▶ _What is expected_
All entries are to be given again verbatim.

----

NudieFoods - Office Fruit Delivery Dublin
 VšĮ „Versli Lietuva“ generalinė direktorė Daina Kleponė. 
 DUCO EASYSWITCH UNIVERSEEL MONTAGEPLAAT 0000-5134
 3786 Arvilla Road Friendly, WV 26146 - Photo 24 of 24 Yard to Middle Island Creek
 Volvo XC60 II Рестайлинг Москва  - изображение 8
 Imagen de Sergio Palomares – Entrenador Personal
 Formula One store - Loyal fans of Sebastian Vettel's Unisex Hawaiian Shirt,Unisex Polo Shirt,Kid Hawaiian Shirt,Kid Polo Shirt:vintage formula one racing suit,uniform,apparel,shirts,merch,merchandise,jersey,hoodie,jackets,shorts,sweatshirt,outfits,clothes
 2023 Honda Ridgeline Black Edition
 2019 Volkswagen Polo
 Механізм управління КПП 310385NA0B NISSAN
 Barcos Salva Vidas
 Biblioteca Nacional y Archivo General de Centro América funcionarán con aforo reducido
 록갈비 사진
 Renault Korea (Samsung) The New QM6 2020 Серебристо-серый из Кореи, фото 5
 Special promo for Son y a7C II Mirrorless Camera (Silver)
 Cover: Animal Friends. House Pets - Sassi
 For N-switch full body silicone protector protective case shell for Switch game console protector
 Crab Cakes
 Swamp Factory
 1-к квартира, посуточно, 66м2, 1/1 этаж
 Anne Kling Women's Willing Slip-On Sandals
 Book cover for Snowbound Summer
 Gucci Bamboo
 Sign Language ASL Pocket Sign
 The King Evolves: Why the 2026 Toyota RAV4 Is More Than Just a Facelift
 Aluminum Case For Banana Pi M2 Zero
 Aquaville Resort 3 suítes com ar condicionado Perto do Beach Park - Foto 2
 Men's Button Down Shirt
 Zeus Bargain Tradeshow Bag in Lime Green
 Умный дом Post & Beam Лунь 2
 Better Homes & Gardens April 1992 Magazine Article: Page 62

----

▶ _Response below_
NudieFoods - Office Fruit Delivery Dublin
 VšĮ „Versli Lietuva“ generalinė direktorė Daina Kleponė. 
 DUCO EASYSWITCH UNIVERSEEL MONTAGEPLAAT 0000-5134
 3786 Arvilla Road Friendly, WV 26146 - Photo 24 of 24 Yard to Middle Island Creek
 Volvo XC60 II Рестайлинг Москва  - изображение 8
 Imagen de Sergio Palomares – Entrenador Personal
 Formula One store - Loyal fans of Sebastian Vettel's Unisex Hawaiian Shirt,Unisex Polo Shirt,Kid Hawaiian Shirt,Kid Polo Shirt:vintage formula one racing suit,uniform,apparel,shirts,merch,merchandise,jersey,hoodie,jackets,shorts,sweatshirt,outfits,clothes
 2023 Honda Ridgeline Black Edition
 2019 Volkswagen Polo
 Механізм управління КПП 310385NA0B NISSAN
 Barcos Salva Vidas
 Biblioteca Nacional y Archivo General de Centro América funcionarán con aforo reducido
 록갈비 사진
 Renault Korea (Samsung) The New QM6 2020 Серебристо-серый из Кореи, фото 5
 Special promo for Son y a7C II Mirrorless Camera (Silver)
 Cover: Animal Friends. House Pets - Sassi
 For N-switch full body silicone protector protective case shell for Switch game console protector
 Crab Cakes
 Swamp Factory
 1-к квартира, посуточно, 66м2, 1/1 этаж
 Anne Kling Women's Willing Slip-On Sandals
 Book cover for Snowbound Summer
 Gucci Bamboo
 Sign Language ASL Pocket Sign
 The King Evolves: Why the 2026 Toyota RAV4 Is More Than Just a Facelift
 Aluminum Case For Banana Pi M2 Zero
 Aquaville Resort 3 suítes com ar condicionado Perto do Beach Park - Foto 2
 Men's Button Down Shirt
 Zeus Bargain Tradeshow Bag in Lime Green
 Умный дом Post & Beam Лунь 2
 Better Homes & Gardens April 1992 Magazine Article: Page 62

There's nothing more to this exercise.